Do you think it is worth studying? Do you think we can draw some conclusions even though it is difficult to untangle those influences? Otherwise I see little practical difference. I was assuming Riemann’s rejection of TR also meant he would answer yes to those questions, but now I realise that may not be true.
Is this supposed to imply some kind of guilt by asociation? It’s the same sort of argument as the one you are criticising. How about we both stick to debating the actual arguments? That would mean showing that I’m jumping to conclusions rather than making dodgy comparisons.
Men and women have significant mental differences (this is well established), which are party innate and partly caused by upbringing. The exact proportion is not important. There are also brain differences observable on scans, which by Occam’s razor we can assume are associated with the mental differences.

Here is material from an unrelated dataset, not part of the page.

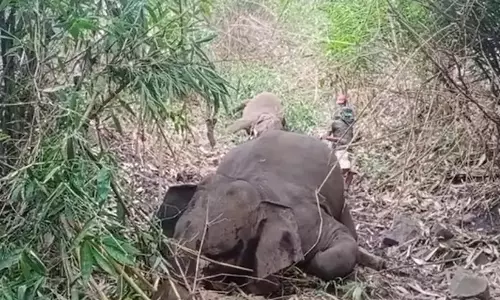 അസമില്‍ 18 കാട്ടാനകള്‍ കൂട്ടത്തോടെ ചരിഞ്ഞു; ഇടിമിന്നലേറ്റതെന്ന് സൂചന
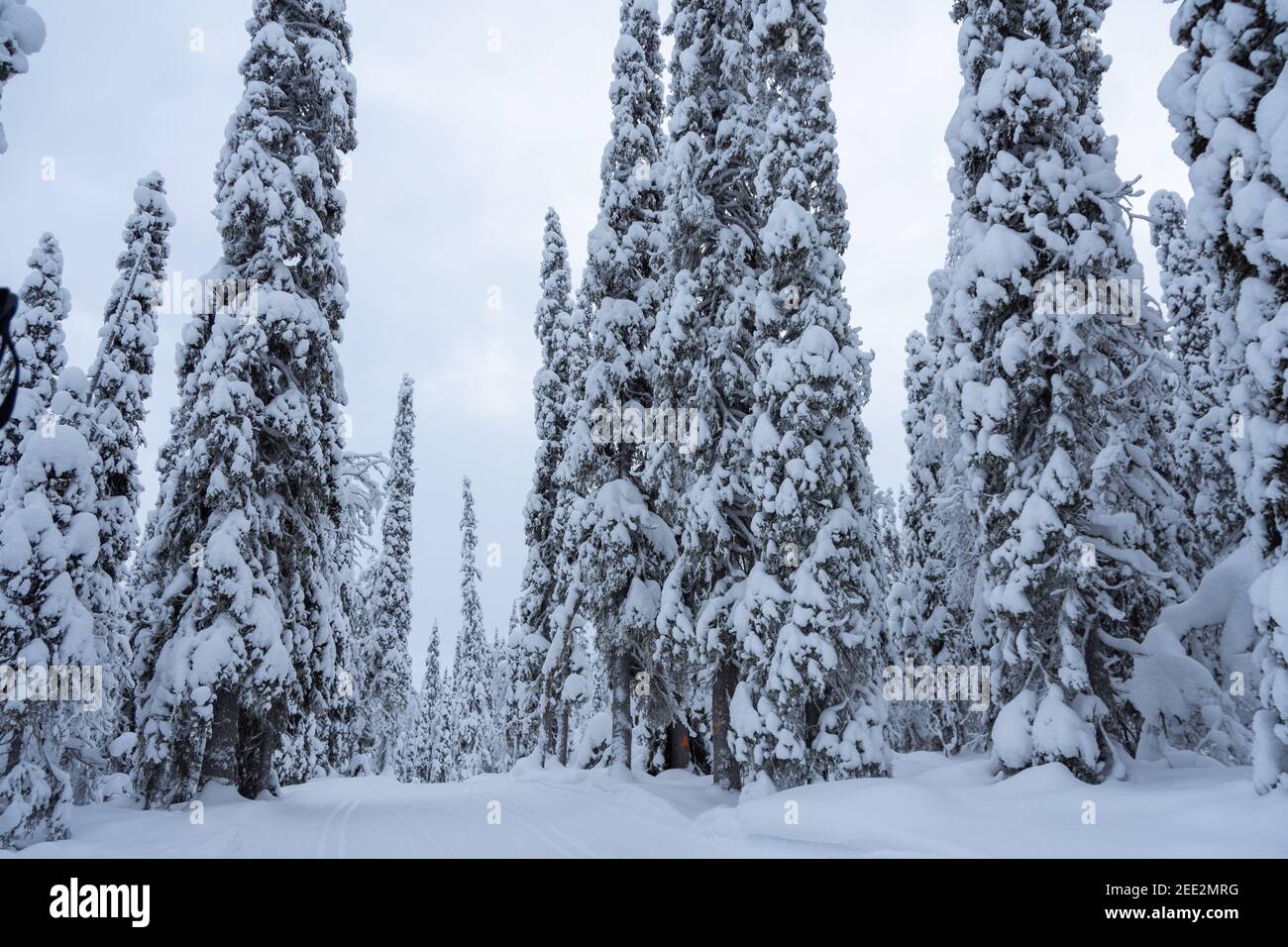 Snowy landscape in Finland's Lapland Stock Photo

A typical female brain is one that is similar to the female averages on the majority of these characteristics. A typical male brain is one that is similar to the male averages on the majority of these characteristics.
You claimed that “a trans woman really can as a scientific matter have a brain that develops more similar to a typical cis female brain than a typical cis male brain.”
I agree this is possible. And we could test this hypothesis by checking whether trans women have more female typical than male typical values for all these mental differences, and the reverse for trans men.
I think I know now what part of this you disagree with, but it would help if you’d say exactly what it is.